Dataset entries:

--- START ---

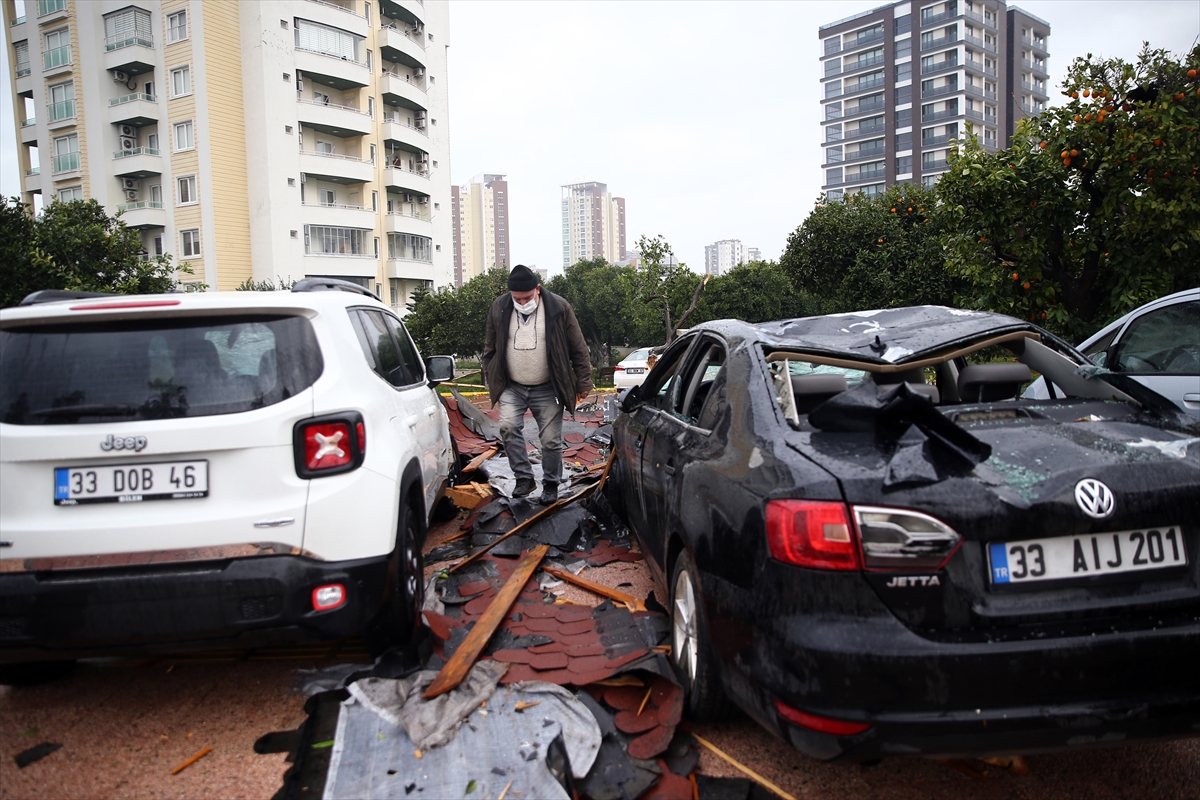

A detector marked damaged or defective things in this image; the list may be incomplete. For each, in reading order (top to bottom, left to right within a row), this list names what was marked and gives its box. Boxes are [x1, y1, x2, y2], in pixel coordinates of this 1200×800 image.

crumpled car roof [692, 306, 1040, 366]
damaged black volkswagen jetta [608, 304, 1200, 764]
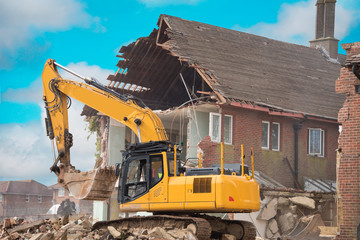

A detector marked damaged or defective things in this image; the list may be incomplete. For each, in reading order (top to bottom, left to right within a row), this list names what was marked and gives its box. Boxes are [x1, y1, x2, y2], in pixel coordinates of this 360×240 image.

damaged house [82, 0, 346, 234]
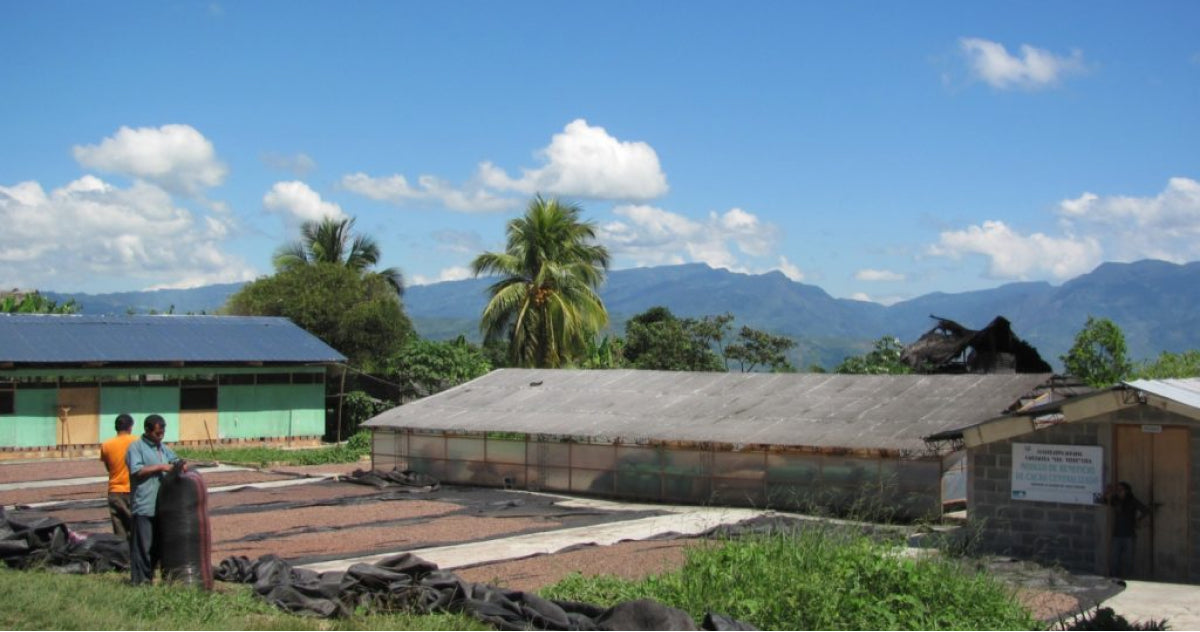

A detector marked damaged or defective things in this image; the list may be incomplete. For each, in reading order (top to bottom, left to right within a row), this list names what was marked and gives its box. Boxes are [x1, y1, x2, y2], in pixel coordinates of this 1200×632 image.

damaged roof [1, 311, 348, 364]
damaged roof [902, 314, 1051, 374]
damaged roof [362, 369, 1051, 458]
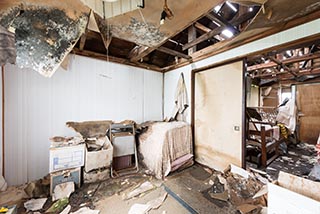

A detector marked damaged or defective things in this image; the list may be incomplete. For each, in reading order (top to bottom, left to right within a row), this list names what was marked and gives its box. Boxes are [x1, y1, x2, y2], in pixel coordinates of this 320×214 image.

peeling paint [0, 5, 88, 77]
torn ceiling panel [0, 0, 90, 77]
peeling paint [111, 17, 166, 47]
torn ceiling panel [106, 0, 224, 47]
broken furniture [109, 122, 138, 177]
broken furniture [138, 121, 192, 180]
broken furniture [246, 108, 282, 168]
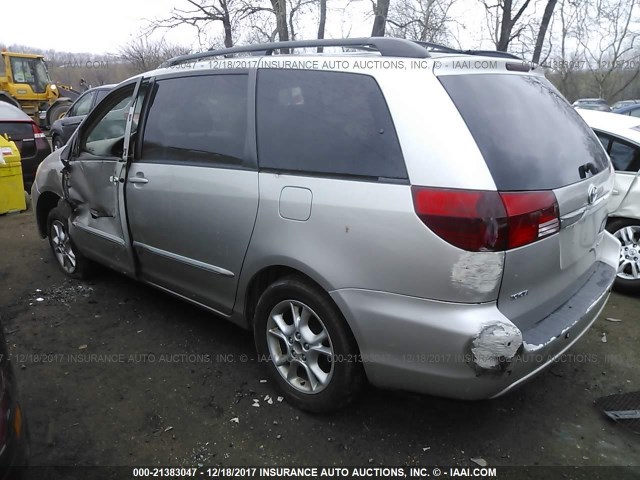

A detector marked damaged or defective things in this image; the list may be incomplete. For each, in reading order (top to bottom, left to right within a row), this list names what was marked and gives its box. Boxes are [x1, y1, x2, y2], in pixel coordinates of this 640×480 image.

damaged rear bumper [330, 256, 616, 400]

--- END ---

» Description of the task
Reproduce, exactly and with no pictures, the lines from the line containing "this 360×240 image." through the closing line of the data above, keeping both ends.

» Written solution
A detector marked damaged or defective things in this image; the list may be incomplete. For each, in reading order (top to bottom, left to right within a row), this list names what was marked and gives its box. Boxes are [x1, y1, x2, y2], in pixel coordinates of this 360×240 image.

damaged house [82, 0, 346, 234]

A detector marked damaged or defective things in this image; the list may be incomplete. For each, in reading order (top to bottom, left to right within a row), this list names what was marked and gives its box. Boxes are [x1, y1, x2, y2], in pixel coordinates of this 1200×632 image.

damaged roof [1, 311, 348, 364]
damaged roof [902, 314, 1051, 374]
damaged roof [362, 369, 1051, 458]

A detector marked damaged or defective things in this image; the list may be incomplete. For each, in reading order (top to bottom, left to right within a row), this list names what was marked and gives its box. Boxes are [x1, y1, x2, y2], in pixel coordinates of this 320×214 image.

peeling paint [0, 5, 88, 77]
torn ceiling panel [0, 0, 90, 77]
peeling paint [111, 17, 166, 47]
torn ceiling panel [106, 0, 224, 47]
broken furniture [109, 122, 138, 177]
broken furniture [138, 121, 192, 180]
broken furniture [246, 108, 282, 168]

A detector marked damaged or defective things in this image; the list may be incomplete. For each, in reading order (top to bottom, left to right within a row), this list names what was marked and gives its box. Boxes are [x1, y1, x2, y2], in pixel coordinates of this 640×480 image.

damaged rear bumper [330, 256, 616, 400]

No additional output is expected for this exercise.